■ Exercise instructions
What should you transcribe? Every line from the top of the records below through the line with "Karikatury pro děti", exactly, and no pictures.

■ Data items
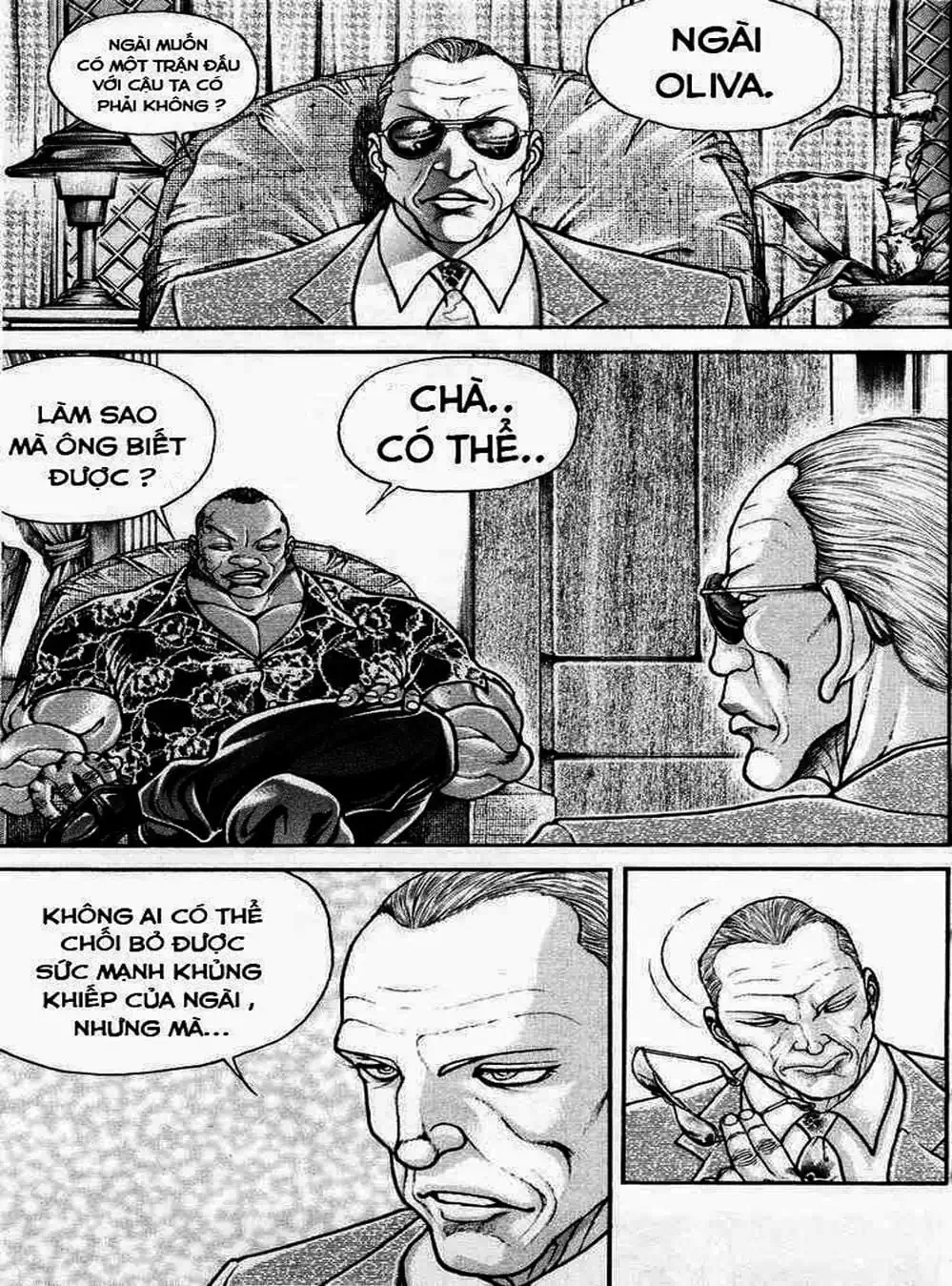 Truyện Tranh Baki - Con Trai Của Quỷ trang 5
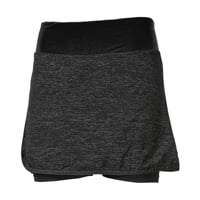 ALERTA women's sports skirt black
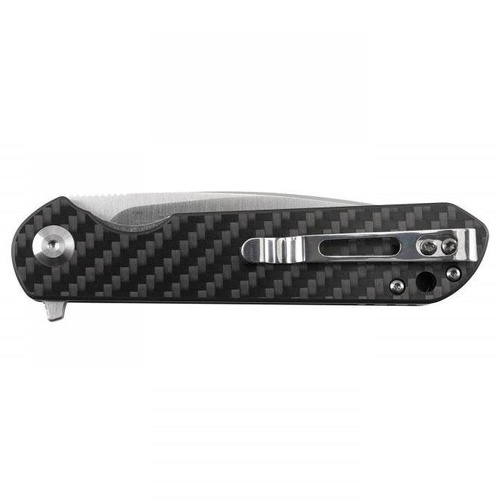 Ganzo - Zavírací nůž EDC Firebird FH41 - Liner Lock - D2 - Black / Grey - FH41-CF 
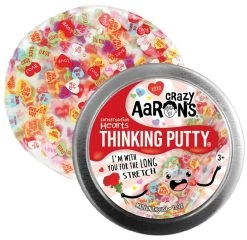 2" I'm With You For The Long Stretch Thinking Putty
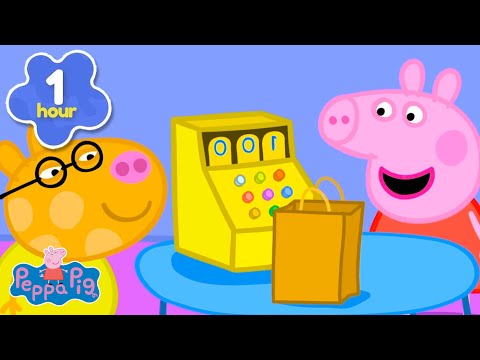 ????Peppa a její přátelé se učí o práci a zábavě! | Prasátko Peppa | Karikatury pro děti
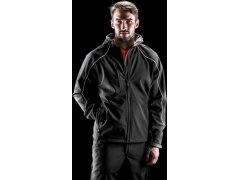 Result R 118X 3-vrstvá softshell bunda "IceFell" s kapucí 30.118X red/black 3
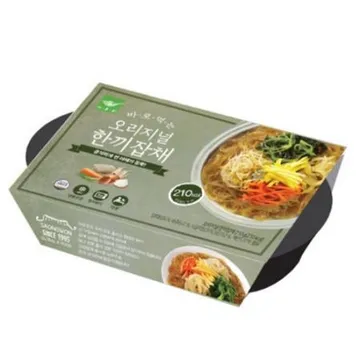 사옹원 한끼잡채(오리지널 210g/EA) 업소용 반찬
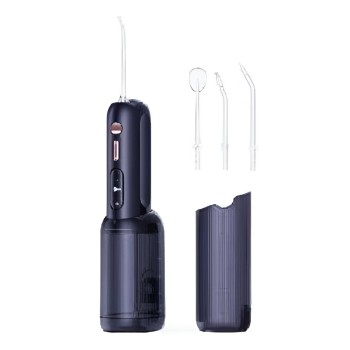 Infly Dental Irrigator for Tooth Cleaning P11S, Black 
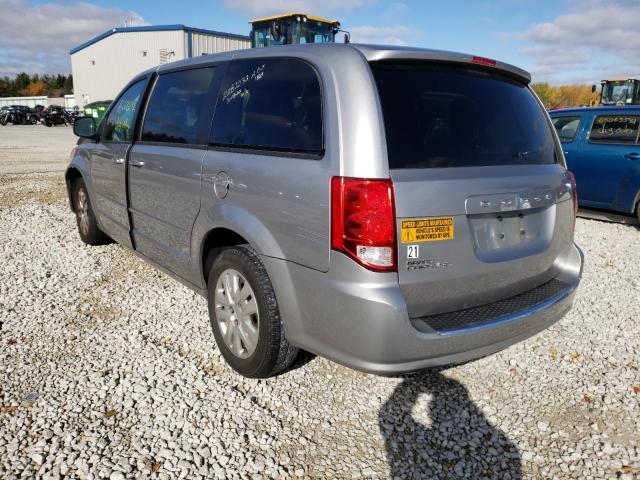Photo 3 from auction – 2017 DODGE GRAND CARA with VIN 2C4RDGBG4HR582023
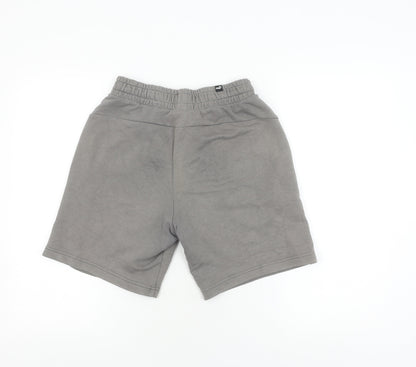 Puma Men's Grey XS Sweat Shorts Casual Style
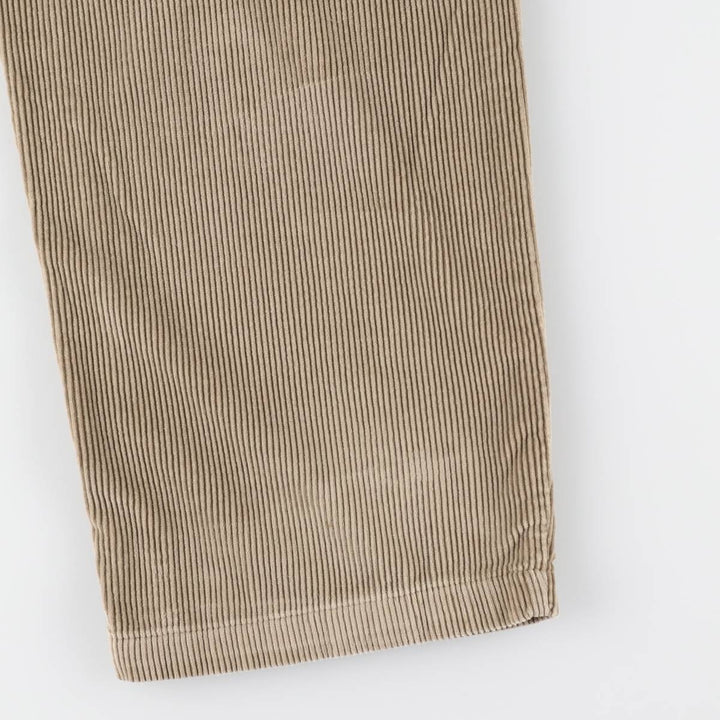 Lee DUNGAREES wide-wale corduroy pants, men's size W34 (approx.) unclear Beige type Vintage Second Hand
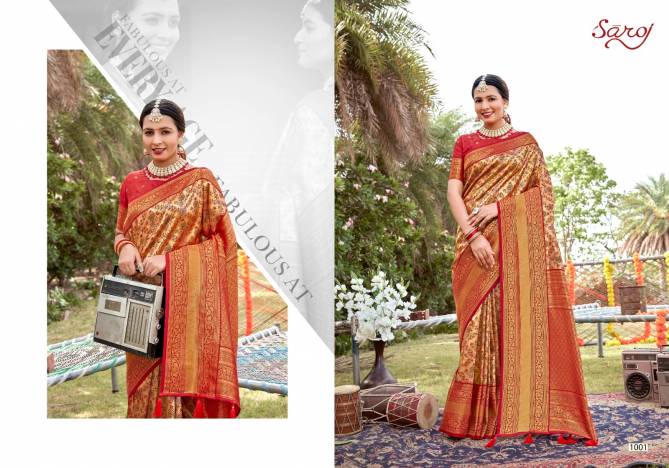 Saroj Riwaayat Silk Vol 2 Designer Silk Sarees Wholesale Shop In Surat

■ Exercise solution
 Truyện Tranh Baki - Con Trai Của Quỷ trang 5
 ALERTA women's sports skirt black
 Ganzo - Zavírací nůž EDC Firebird FH41 - Liner Lock - D2 - Black / Grey - FH41-CF 
 2" I'm With You For The Long Stretch Thinking Putty
 ????Peppa a její přátelé se učí o práci a zábavě! | Prasátko Peppa | Karikatury pro děti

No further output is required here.